Work-integrated learning is valuable, even in industries where it is not the expectation. Internships offer learners critical career exploration, transferable skills, and workplace skills that can’t be learned in the classroom. For employers, they are a chance to promote and market their industry, build talent pipelines, access motivated talent at a lower cost, and reduce their length of training for an entry-level hire.
Regardless of the industry, internships are not offered at the necessary scale to enable all learners to access these experiences. This calls for employers to intentionally build more work-integrated learning opportunities, including project-based learning, career exploration, and more, to give young professionals the experience they need to succeed and compete with AI. While internships yield positive benefits to recruiting and development for many employers, they also have the reputation of being resource intensive and a challenge for the employer to facilitate.

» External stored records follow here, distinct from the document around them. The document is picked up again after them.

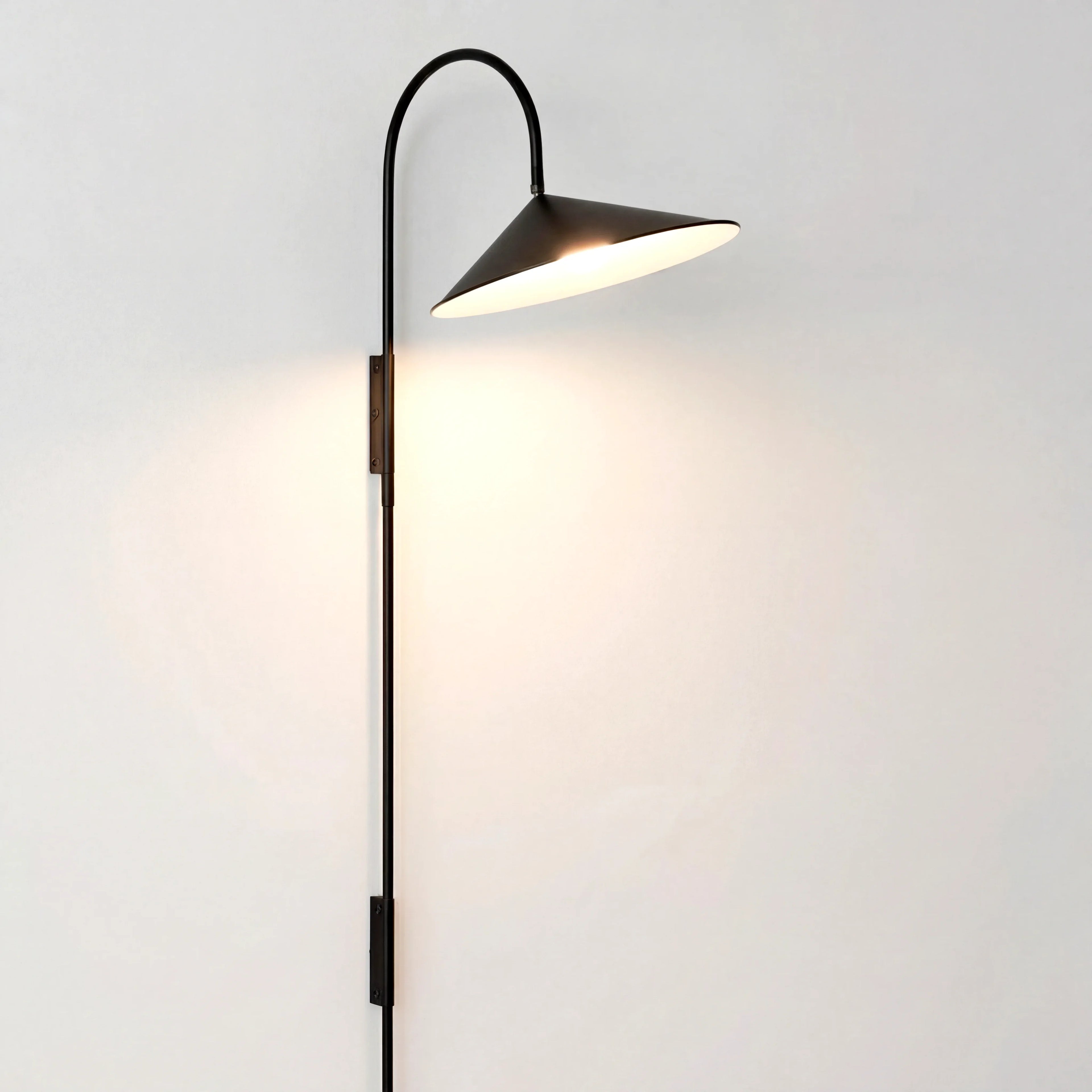 Cernunnos Arum Swivel Wall Light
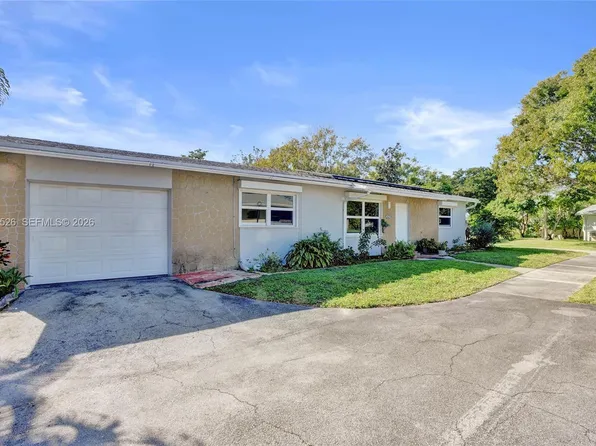 2621 SW Natura Ave, Deerfield Beach, FL 33441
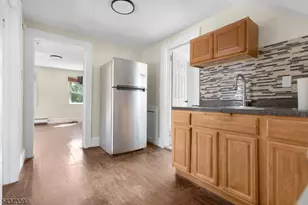 98 Delmar Pl, Irvington, NJ 07111 - Photo 28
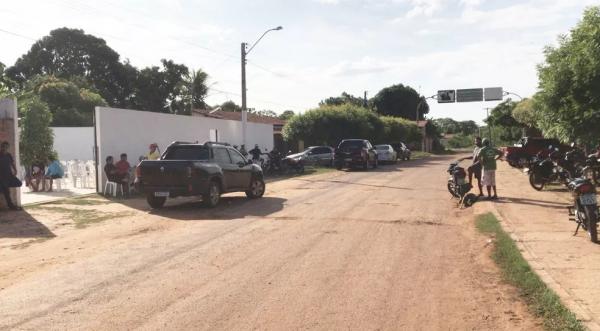 Velório do prefeito no bairro Arassá.(Imagem:Tiago Mendes/TV Clube)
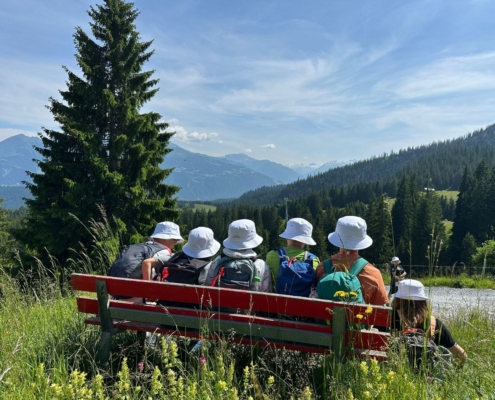 Kinder beim Wandern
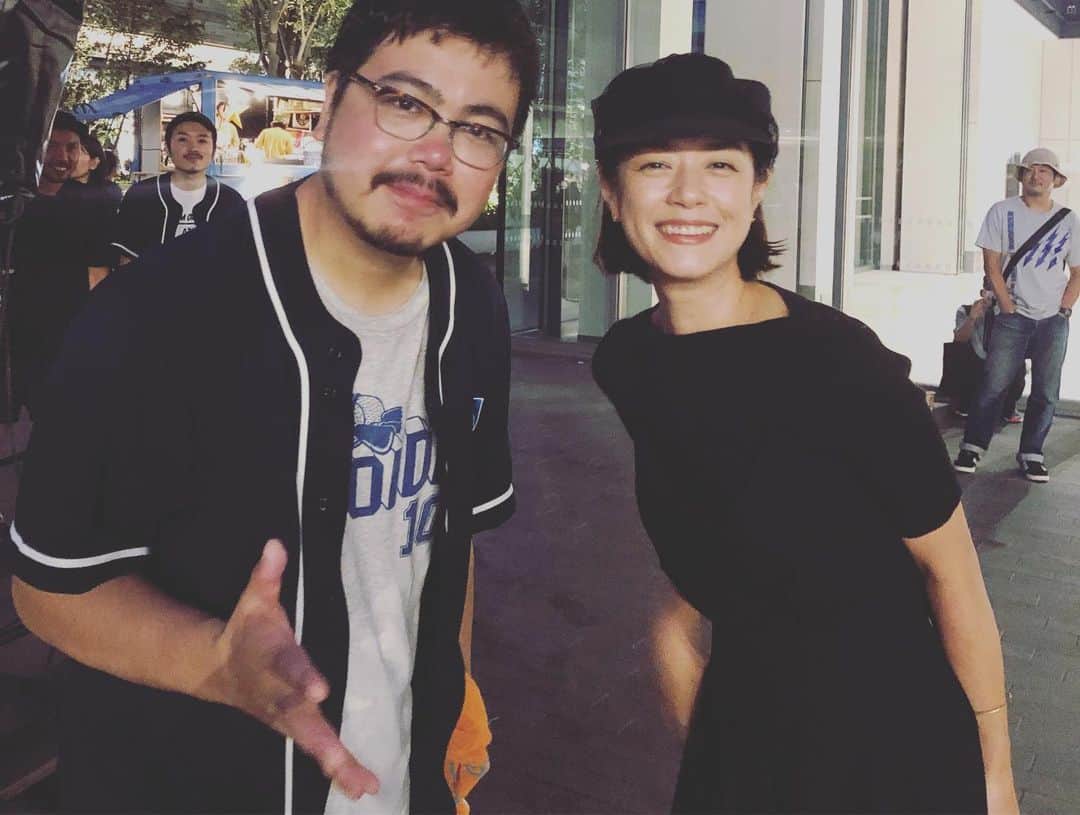 加藤紀子さんのインスタグラム写真 - (加藤紀子Instagram)「聴きたい曲ばかりでー☝️👆🤛 思い出野郎Aチーム presents  ウルトラ”フリー”ソウルピクニックに遊びに行ってきました！  リリースされたばかりの新作アルバム“Share the Light”からの楽曲や大好きなアノ曲コノ曲聴けて幸せ〜😭😭 いつ会ってもファンすぎて ガチガチでしたが、今日はようやくマコイチさんと！と写真をお願いしたら、遠くにナガオカさんもいらっしゃる奇跡の一枚いただきました。  疲れてらっしゃるところ、本当にありがとうございました🙏✨☝️ #思い出野郎Aチーム #sharethelight #今も頭にウェザーニュースが外れた日がループ中 #リキッドライブも楽しみに #live」9月22日 22時05分 - katonoriko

However, they do not have to be. At the Business-Higher Education Forum, we are focused on building tools to help your organization, lowering the lift and making internships and other work-integrated learning opportunities accessible to your company and to more learners.
In order to train the next generation of workers and to ensure they are equipped with in-demand workplace durable and technical skills, business and higher education need to work together to create more work-integrated learning opportunities. There are a variety of ways that businesses, education, and intermediary organizations can aggregate supply and demand, decrease friction, and increase the availability of work-integrated learning experiences. These models can focus on scaling resources and implementing an experience best for the company’s structure, hiring demands, and time and resource assets and constraints. Consortium, state, and sector work-integrated learning approaches offer models that can be tested, expanded on, and replicated across the country to meet the needs of a broad span of industries in order to develop the next generation of workers.
- State and Regional Efforts: Increasingly states or state systems are exploring statewide, coordinated approaches designed to embed meaningful workplace experiences from employers across sectors into academic programs at scale. State models often have support from state government and public entities to focus resources across the state and to ensure that they are also reaching underserved communities whether those be by industry, region, or demographic population. In New York, through its public colleges and university systems, SUNY and CUNY, the state has increased their investments in providing work-integrated learning opportunities for students across the state, including operating six grant programs with a total budget of $35 million with the goal of reaching all learners. Similar efforts are underway in Virginia, Pennsylvania, and other states.
- Sector-based Models: These models are designed and delivered in alignment with specific needs of a particular industry sector such as healthcare, manufacturing, or tech. They are also often operationalized in the context of a sector and region. Rather than being generalized across many industries, the model focuses on preparing learners with the exact skills, knowledge, and experiences that a sector requires – and where employers and educators are co-investing in creating tomorrow’s talent. For example, the Kentucky Federation for Advanced Manufacturing Education is a group of regional manufacturers who partnered with community colleges to develop an apprenticeship program that blends classroom learning and paid on-the-job training for aspiring technicians. Over five semesters, participants attend college while working for a sponsoring manufacturer, earning an associate degree and an Advanced Manufacturing Technician certification and gaining two years of experience. The state has various chapters, each led by local manufacturers who collaborate to define the skills and competencies needed for their region’s workforce, and they jointly recruit, sponsor, and mentor students.
- Institution Consortia Model: In addition to models that respond to the needs of particular sectors and industries, there are also a growing number of consortium models bringing together institutions with limited resources to pool opportunities and expertise. This has the potential to increase scale by offering a singular hub for learners to find training, mentorship and placements and to expand industry outreach beyond what one institution can achieve alone. The Council for Independent Colleges and Complete College America have created versions of this consortia model. For example, Complete College America and experiential learning platform Riipen teamed up to build the CCA AI Readiness Consortium to embed AI competencies into a selection of five open-access institutions across the country through project-based learning provided by industry partners.
With the pace of AI disruption, higher education and business will need to work closer than ever to ensure current professionals and incoming professionals are equipped with the rapidly changing skills needed to succeed in today’s workforce. These models represent just some of the strategies we see the opportunity to expand and scale to ensure we are creating work-integrated learning infrastructure that can scale to meet the needs of our future workforce.